Start of Source records

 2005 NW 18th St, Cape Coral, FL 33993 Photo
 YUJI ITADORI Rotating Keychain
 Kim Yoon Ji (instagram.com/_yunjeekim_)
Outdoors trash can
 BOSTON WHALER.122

End of Source records
Start of Source records

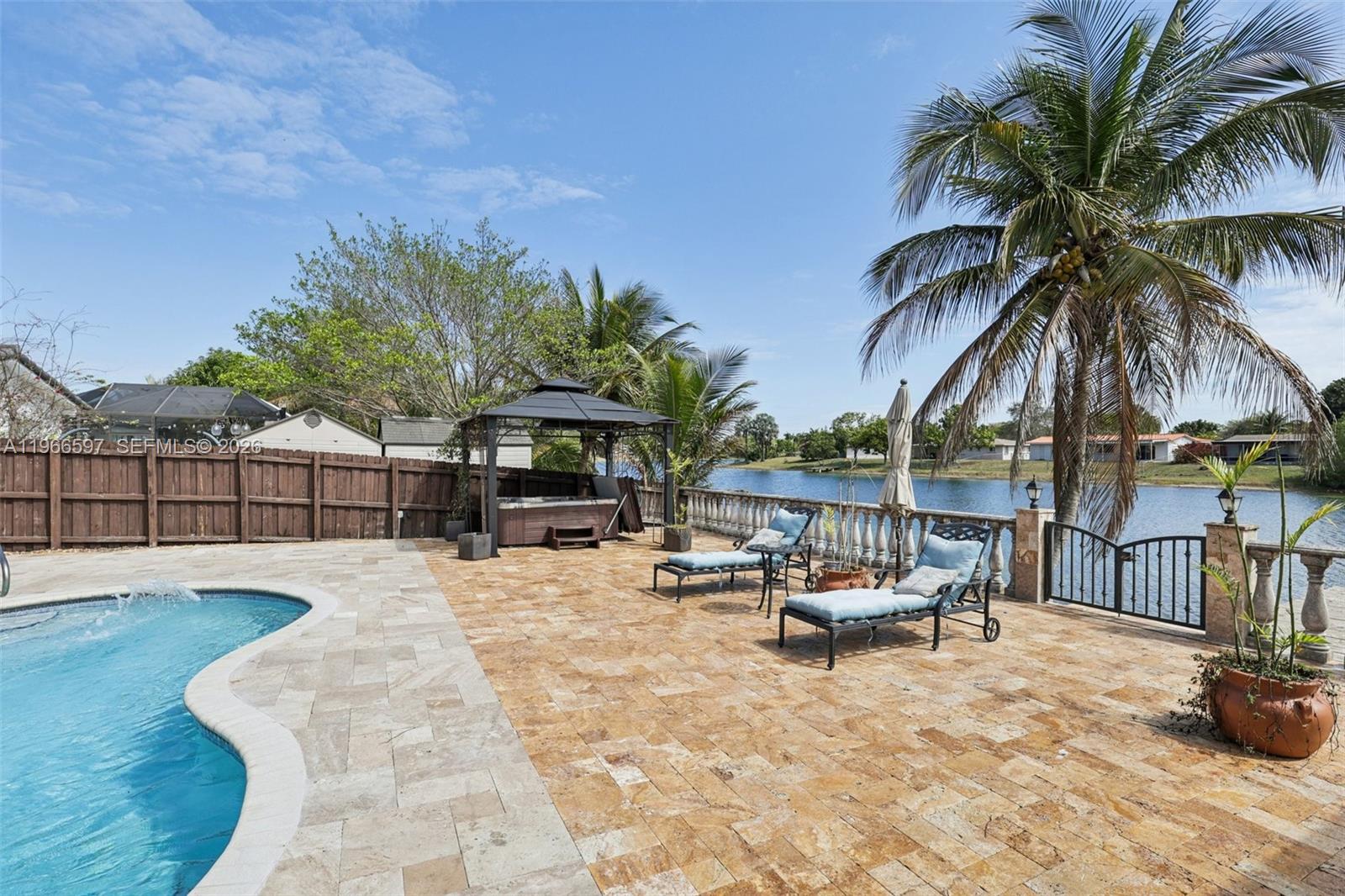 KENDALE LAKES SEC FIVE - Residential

End of Source records
Start of Source records

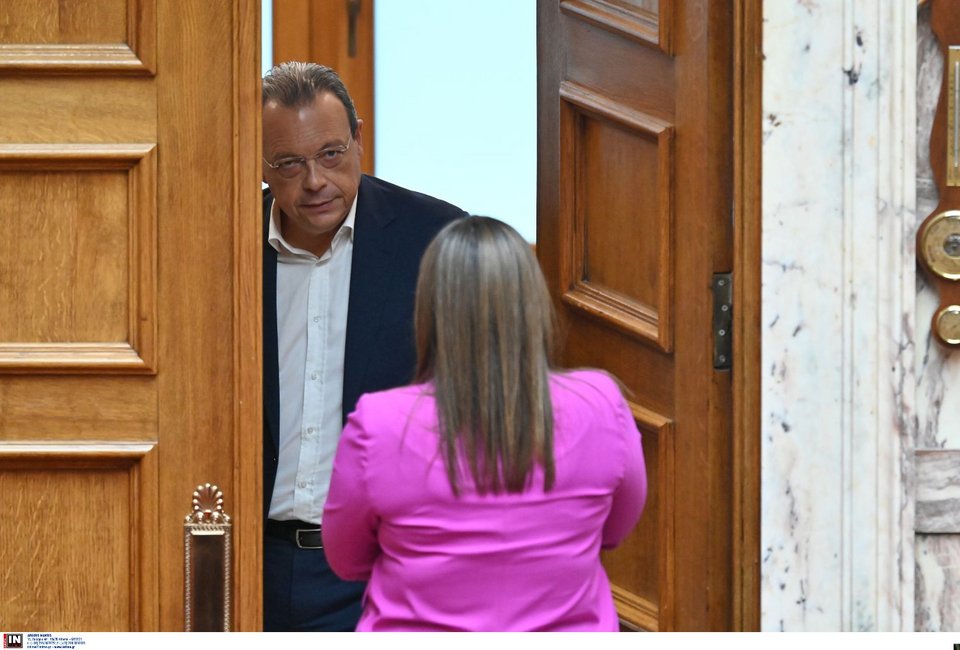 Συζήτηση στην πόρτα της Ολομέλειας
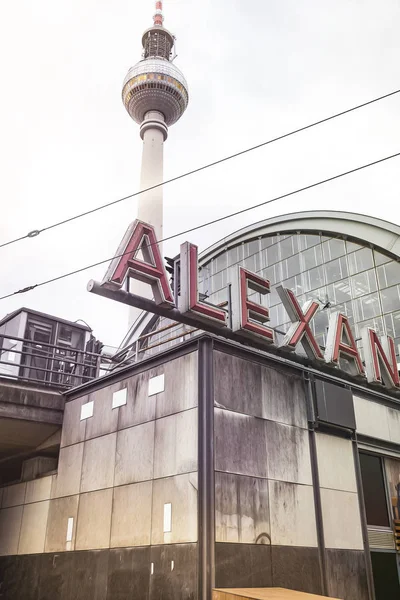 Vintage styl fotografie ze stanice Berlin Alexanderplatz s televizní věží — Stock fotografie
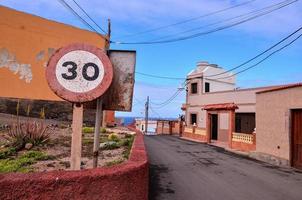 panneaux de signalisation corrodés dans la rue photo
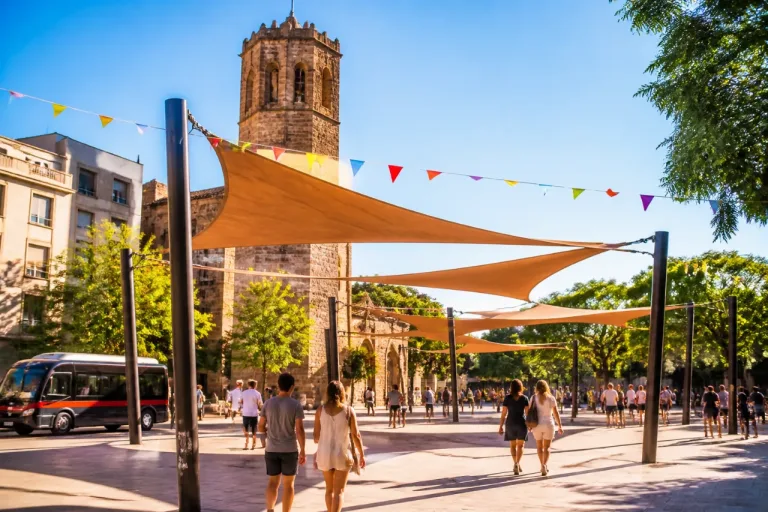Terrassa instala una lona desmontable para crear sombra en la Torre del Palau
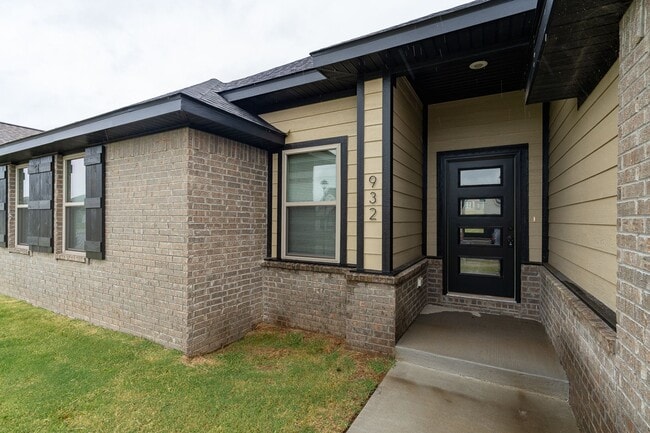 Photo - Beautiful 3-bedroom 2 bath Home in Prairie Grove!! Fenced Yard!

End of Source records

* Task objective
Print, from the entries above, the line with "2005 NW 18th St, Cape Coral, FL 33993 Photo", the line with "BOSTON WHALER.122" and all lines between them, exactly and with nothing else.

* Answer for this exercise
 2005 NW 18th St, Cape Coral, FL 33993 Photo
 YUJI ITADORI Rotating Keychain
 Kim Yoon Ji (instagram.com/_yunjeekim_)
Outdoors trash can
 BOSTON WHALER.122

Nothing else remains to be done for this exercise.